PRESS CONFERENCE ON ‘ROLE OF UNITED NATIONS’ BY INTERNATIONAL COLLEGIUM
Press Briefing |
PRESS CONFERENCE ON ‘ROLE OF UNITED NATIONS’ BY INTERNATIONAL COLLEGIUM
At a Headquarters press conference this morning, the International Ethical, Political and Scientific Collegium called for development of an agenda that would improve global governance and focus the world’s energies and attention on solving the problems of an increasingly interdependent world.
Briefing correspondents were four members of the Collegium: former President of Brazil,Fernando Henrique Cardoso; Michel Rocard, former French Prime Minister and Chairman of the Commission for Cultural Affairs at the European Parliament; William vanden Heuvel, a United States Ambassador, Co-chairperson of the Franklin and Eleanor Roosevelt Institute; and Stéphane Hessel, a French Ambassador.
Addressing correspondents before presenting its findings on “The Role of the United Nations” in today’s world by way of a memorandum to the Secretary-General, Mr. vanden Heuvel said the Collegium had done a noble service in laying out an agenda of concern in the message that would be delivered to the Secretary-General. What was being proposed was an agenda deserving the attention of nations, individuals and institutions, so that all could move and work together to accomplish it.
According to literature provided to correspondents, the Collegium’s members and associate members are scientists, philosophers, present and former heads of State and government, recognized for their probity, expertise and dedication to ethical values. It has two fundamental obligations: to use the experience of its members to help crystallize an agenda that the world should focus on; and, second, to focus on some of those problems in the hope that timely action can be taken.

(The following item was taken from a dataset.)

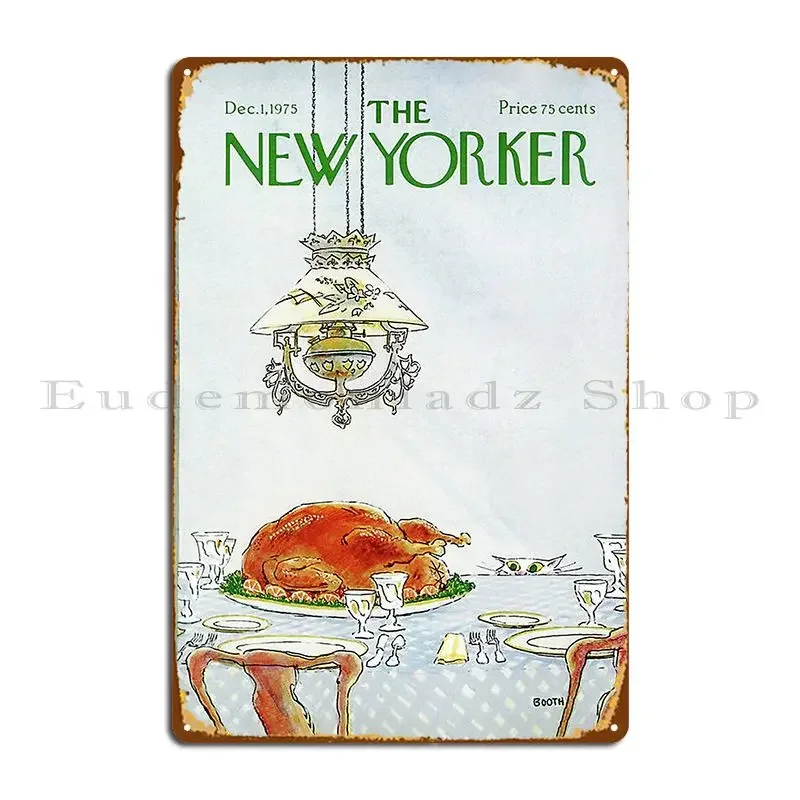 Dinner Time The New Yorker December 1975 Metal Sign Garage Wall Cave Printed Club Personalized Tin Sign Poster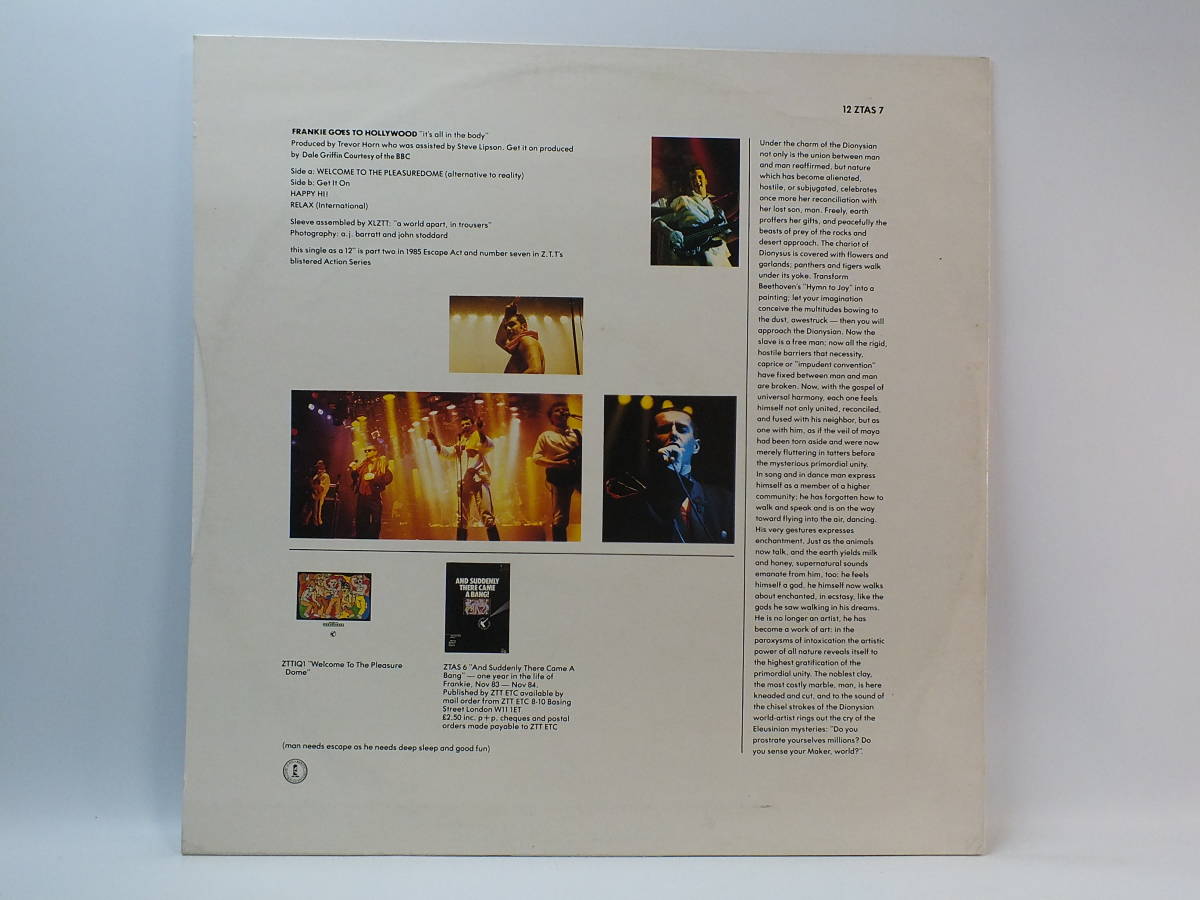 12ZTAS 7 FRANKIE GOES TO HOLLYWOOD WELCOME TO THE PLESURE DOME LP 【8商品以上同梱で送料無料】_画像3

Partly because of the recent events in Iraq and partly because of past experiences in such places as East Timor, Cambodia, Liberia, and Namibia it should be recognized that the United Nations had a particular facility and capacity to help in nation-building, said Mr. vanden Heuvel. The Secretary-General, thus, needed all possible support regarding the role of the United Nations in nation-building. Also, given the difficulties encountered in attempts to reform the United Nations, the team agreed that reform was not possible without the consensus of the majority of its members.
It was the collegium’s belief that much more work remained to be done before reform could be achieved, in the absence of amending the United Nations Charter itself, he continued. However, the team also believed that what it had laid out in its memorandum could be accomplished without amending the Charter.
The memorandum could not have come at a more crucial moment in history after the death of Special Representative of the Secretary-General for Iraq Sergio Vieira de Mello and a few days before the second anniversary of the 11 September terrorism attacks on the United States, said Mr. Hessel. Now, more than ever, the world needed a strong United Nations that was accepted not only by its members, but also by international public opinion as being the only real way of confronting today’s ever-increasing challenges.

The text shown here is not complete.